● WHAT THE TASK REQUIRES
An exact transcription is needed of the lines below from the one with "achat maison sanary-sur-mer 83110" through the one with "Memphis High School", with no other lines and no pictures.

● DATA TO PROCESS

------------------------

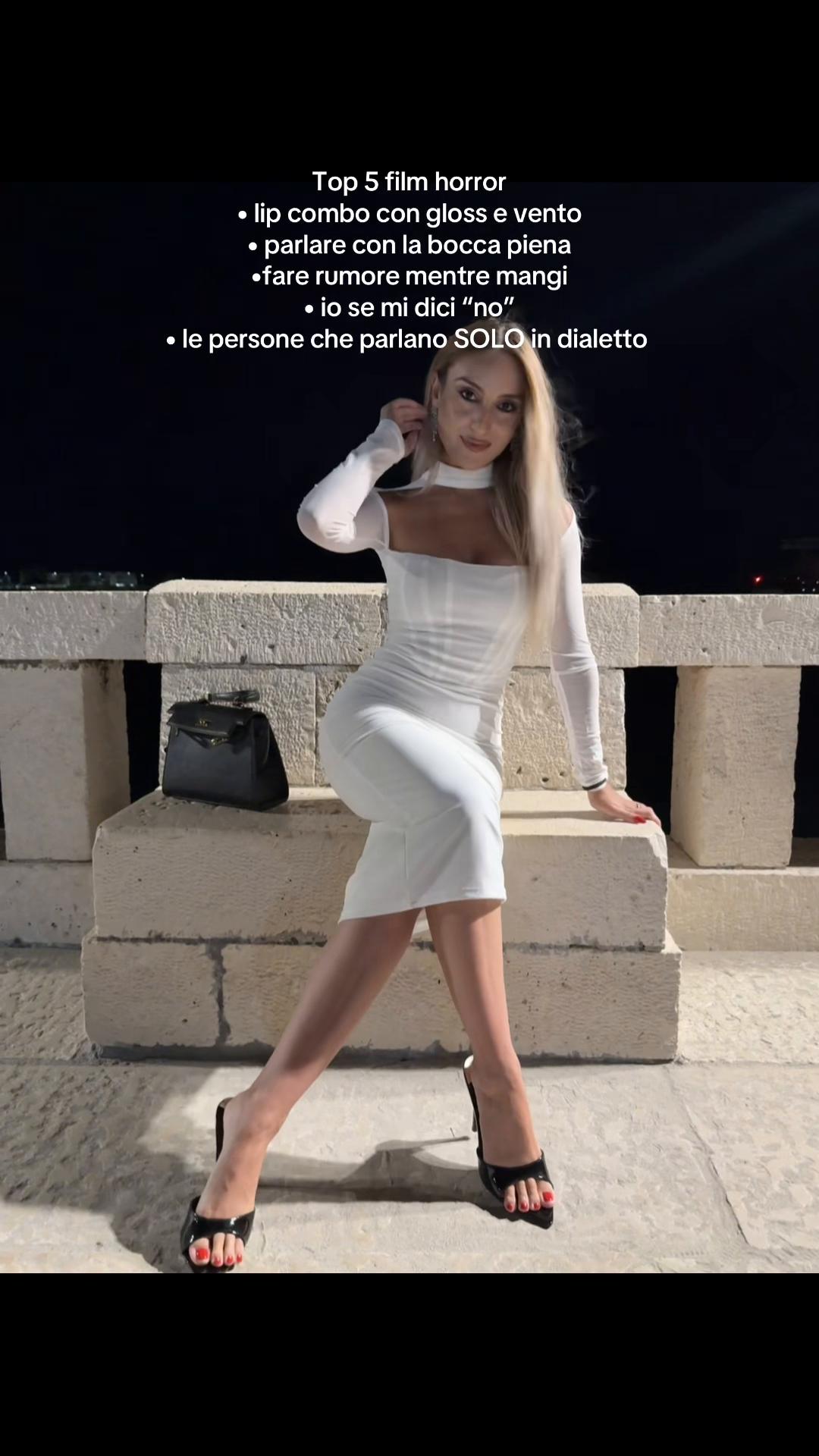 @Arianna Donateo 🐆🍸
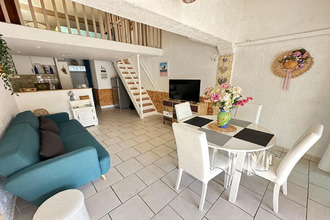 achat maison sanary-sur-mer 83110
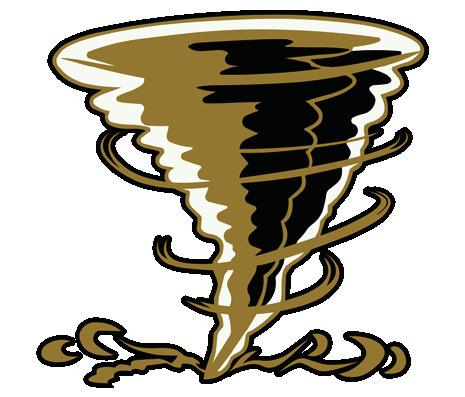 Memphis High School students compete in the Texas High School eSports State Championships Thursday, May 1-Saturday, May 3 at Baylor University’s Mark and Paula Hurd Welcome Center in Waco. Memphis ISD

------------------------

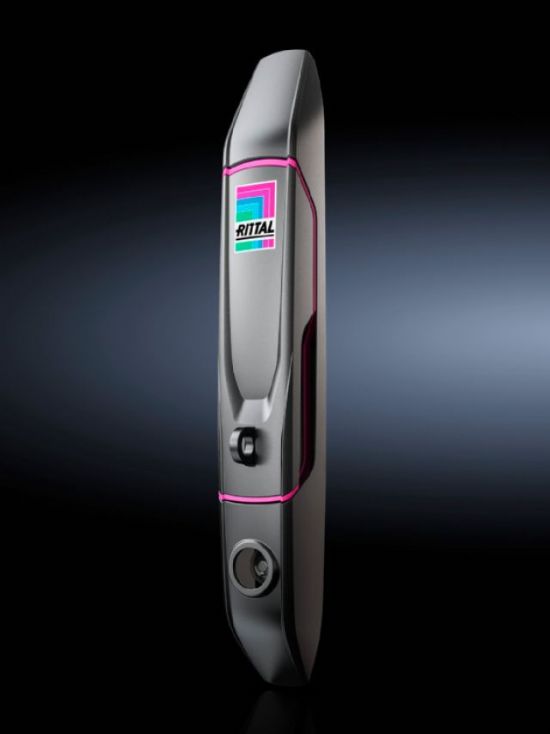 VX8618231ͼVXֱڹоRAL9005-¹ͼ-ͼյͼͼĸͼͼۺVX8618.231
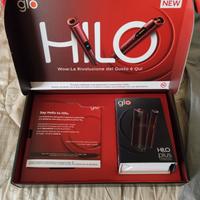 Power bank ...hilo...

------------------------

● TASK SOLUTION
 achat maison sanary-sur-mer 83110
 Memphis High School students compete in the Texas High School eSports State Championships Thursday, May 1-Saturday, May 3 at Baylor University’s Mark and Paula Hurd Welcome Center in Waco. Memphis ISD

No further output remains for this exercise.